LIGO consists of two observatories 3000 kilometers apart, one in Louisiana and one in Washington. Local noise sources are generally different at each location, while the waves affect both observatories equally.
Gravitational waves have a signature shape and behaviour that is already understood and highly constrained. Their propagation at the speed of light exactly matches the delay between the signals at the two locations. The signal speeding up and getting louder towards the end matches its origin from the merger of two black holes. Thus, the signal is so specific that one knows whether it is present or not, which would be hard if you were looking for just “something weird”.

The agreement of both observatories with each other (above) and with the theoretical shape (below) is a strong hint this is not laser noise, a stupid bug, or pecking ravens. (source)

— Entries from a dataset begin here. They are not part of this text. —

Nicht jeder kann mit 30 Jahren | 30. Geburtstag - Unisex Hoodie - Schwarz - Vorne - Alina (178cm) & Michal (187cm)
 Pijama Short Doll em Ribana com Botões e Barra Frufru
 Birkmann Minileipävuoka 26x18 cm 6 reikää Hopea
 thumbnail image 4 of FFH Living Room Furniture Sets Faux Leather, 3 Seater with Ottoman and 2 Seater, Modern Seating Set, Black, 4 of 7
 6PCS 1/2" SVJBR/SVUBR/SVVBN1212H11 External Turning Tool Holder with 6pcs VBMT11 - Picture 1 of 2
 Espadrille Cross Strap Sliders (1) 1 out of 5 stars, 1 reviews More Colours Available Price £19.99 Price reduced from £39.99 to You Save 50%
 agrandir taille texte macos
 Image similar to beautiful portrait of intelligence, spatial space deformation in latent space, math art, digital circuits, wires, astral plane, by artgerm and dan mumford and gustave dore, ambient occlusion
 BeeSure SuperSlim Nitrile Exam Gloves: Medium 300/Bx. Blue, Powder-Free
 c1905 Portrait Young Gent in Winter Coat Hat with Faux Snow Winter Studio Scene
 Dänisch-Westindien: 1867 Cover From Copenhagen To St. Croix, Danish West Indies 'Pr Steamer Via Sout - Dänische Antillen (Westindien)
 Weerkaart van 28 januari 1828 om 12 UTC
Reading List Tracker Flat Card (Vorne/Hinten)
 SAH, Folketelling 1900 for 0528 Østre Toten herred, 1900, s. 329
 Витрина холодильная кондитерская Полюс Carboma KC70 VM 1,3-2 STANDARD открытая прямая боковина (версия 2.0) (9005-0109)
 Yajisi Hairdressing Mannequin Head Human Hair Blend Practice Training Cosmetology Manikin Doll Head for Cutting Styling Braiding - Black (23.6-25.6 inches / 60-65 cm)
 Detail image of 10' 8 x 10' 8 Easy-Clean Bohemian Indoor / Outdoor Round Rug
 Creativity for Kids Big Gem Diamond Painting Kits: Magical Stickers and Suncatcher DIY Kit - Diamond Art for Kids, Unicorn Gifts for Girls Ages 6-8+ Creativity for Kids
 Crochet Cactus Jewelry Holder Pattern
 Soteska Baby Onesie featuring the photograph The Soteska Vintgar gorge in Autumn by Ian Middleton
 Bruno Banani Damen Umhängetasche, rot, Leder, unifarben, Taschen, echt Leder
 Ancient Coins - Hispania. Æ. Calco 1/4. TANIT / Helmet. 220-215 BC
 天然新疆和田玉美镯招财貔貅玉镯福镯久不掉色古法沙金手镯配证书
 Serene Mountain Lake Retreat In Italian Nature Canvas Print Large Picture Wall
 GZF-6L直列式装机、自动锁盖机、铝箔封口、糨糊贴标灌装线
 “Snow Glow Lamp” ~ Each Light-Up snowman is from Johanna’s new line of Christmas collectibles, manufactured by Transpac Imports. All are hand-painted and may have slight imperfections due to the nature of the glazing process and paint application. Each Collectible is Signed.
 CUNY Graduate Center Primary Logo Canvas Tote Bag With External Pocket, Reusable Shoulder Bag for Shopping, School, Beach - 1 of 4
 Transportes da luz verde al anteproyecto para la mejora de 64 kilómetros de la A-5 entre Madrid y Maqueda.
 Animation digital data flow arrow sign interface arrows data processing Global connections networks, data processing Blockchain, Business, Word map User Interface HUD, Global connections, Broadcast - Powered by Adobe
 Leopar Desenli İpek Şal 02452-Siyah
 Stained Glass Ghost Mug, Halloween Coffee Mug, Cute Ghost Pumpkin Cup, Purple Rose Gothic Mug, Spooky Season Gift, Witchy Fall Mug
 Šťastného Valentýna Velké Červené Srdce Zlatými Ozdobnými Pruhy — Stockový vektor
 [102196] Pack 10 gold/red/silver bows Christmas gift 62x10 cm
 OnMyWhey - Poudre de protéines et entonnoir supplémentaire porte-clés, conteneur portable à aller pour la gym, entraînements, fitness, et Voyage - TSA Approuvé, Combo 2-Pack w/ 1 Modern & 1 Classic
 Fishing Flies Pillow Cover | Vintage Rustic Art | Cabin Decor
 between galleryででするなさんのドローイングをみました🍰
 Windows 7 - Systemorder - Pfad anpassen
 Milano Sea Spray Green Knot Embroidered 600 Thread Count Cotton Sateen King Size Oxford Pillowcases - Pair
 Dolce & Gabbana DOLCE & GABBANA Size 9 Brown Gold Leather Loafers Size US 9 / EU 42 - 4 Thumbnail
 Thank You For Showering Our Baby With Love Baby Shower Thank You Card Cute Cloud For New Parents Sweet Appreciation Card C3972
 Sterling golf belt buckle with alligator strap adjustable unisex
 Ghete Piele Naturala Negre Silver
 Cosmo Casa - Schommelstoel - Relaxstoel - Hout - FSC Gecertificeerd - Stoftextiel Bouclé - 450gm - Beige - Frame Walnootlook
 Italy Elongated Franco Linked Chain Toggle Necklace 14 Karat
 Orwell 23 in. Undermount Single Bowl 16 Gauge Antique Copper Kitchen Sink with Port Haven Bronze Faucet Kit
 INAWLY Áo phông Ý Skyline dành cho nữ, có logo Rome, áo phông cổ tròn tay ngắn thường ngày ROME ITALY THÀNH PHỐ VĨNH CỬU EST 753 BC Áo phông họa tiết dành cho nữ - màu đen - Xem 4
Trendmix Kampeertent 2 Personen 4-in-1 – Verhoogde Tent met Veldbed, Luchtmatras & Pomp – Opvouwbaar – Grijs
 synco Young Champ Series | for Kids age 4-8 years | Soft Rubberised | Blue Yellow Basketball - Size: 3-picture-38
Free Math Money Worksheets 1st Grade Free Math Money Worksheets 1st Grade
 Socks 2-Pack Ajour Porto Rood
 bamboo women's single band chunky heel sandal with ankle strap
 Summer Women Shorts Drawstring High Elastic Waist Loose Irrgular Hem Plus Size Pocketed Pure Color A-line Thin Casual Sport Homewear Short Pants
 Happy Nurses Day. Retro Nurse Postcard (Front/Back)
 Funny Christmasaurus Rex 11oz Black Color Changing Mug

In fact, this data looked so good that the main alternative explanation people worried about for the first few days after seeing it was not temperature, earthquakes, or ravens, but blind testing. There was in fact a system for injecting a fake gravitational wave signal for testing purposes, to see whether LIGO was ready to detect the kind of signal that could be expected. When the actual signal appeared, this testing system was down, but it still took a few days of making absolutely sure that it hadn’t gotten somehow accidentally triggered before it was certain. It helps that the designers weren’t idiots and this system had logs attached, but there is also the possibility of an outside intervention. This goes to say that even the more philosophical doubts about whether you can trust your own memory or your own friends are relevant in practice.

I don’t see any reason to doubt the results based on this, but if you happen to be conspiratorially inclined, you might be interested in a later detection that was reported by LIGO and Virgo (an entirely separate organization), or a slightly later event that was also observed using conventional telescopes all over the world. If you’re so conspiratorially inclined that you’re willing to entertain the entire astronomical community being collectively fooled or deceitful, there’s no way I can help you — but perhaps the section on the demarcation problem below might change your mind.

In the end, the data was so trustworthy that it meant more than just a proof of concept for gravitational wave detection. The black holes that had produced the detected gravitational waves had masses around 30M_⊙, which is notably heavier than black holes known before. This discrepancy trickled back through the model of stellar masses used, and the conclusion was that the black holes had to form from stars with a lower metallicity than had previously been assumed.

That shows that not everything anomalous has to be explained away as noise or imperfection: sometimes it is a real effect, and the benefit of having an otherwise trustworthy system is that you can take deviations from your expectations seriously.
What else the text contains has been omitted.